▸ Source data

━━━━━━━━━━━━━━━━

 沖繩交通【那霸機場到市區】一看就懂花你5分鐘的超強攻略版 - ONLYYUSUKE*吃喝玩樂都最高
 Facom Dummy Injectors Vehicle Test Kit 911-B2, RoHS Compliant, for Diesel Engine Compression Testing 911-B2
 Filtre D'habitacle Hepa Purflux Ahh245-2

━━━━━━━━━━━━━━━━

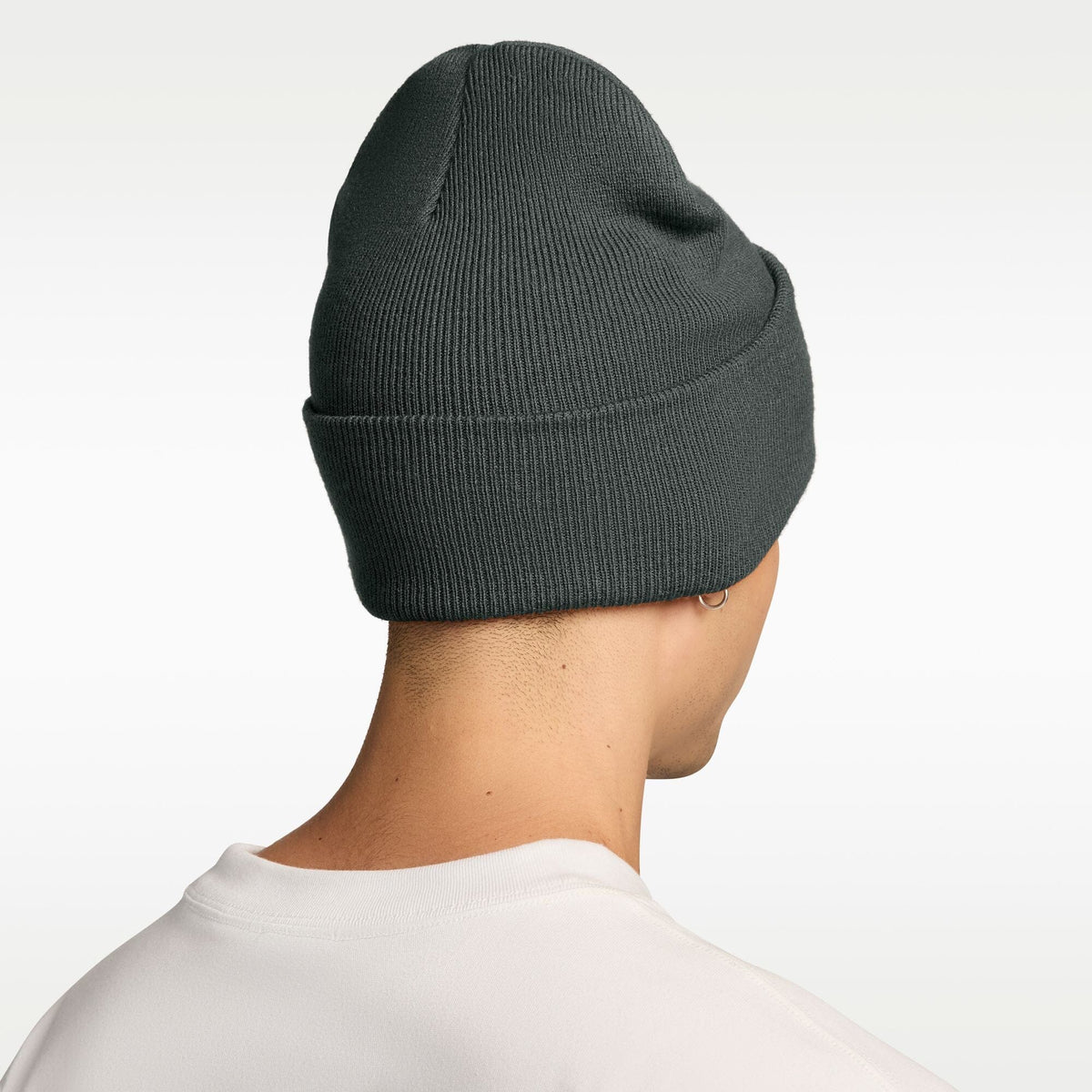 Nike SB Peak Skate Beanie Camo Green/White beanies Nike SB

━━━━━━━━━━━━━━━━

▸ What needs to be done
Would you print, exactly as written, every line above from the one holding "Facom Dummy Injectors" through the one holding "Filtre D'habitacle Hepa Purflux Ahh245-2", with both included and no other lines?

▸ Task solution
 Facom Dummy Injectors Vehicle Test Kit 911-B2, RoHS Compliant, for Diesel Engine Compression Testing 911-B2
 Filtre D'habitacle Hepa Purflux Ahh245-2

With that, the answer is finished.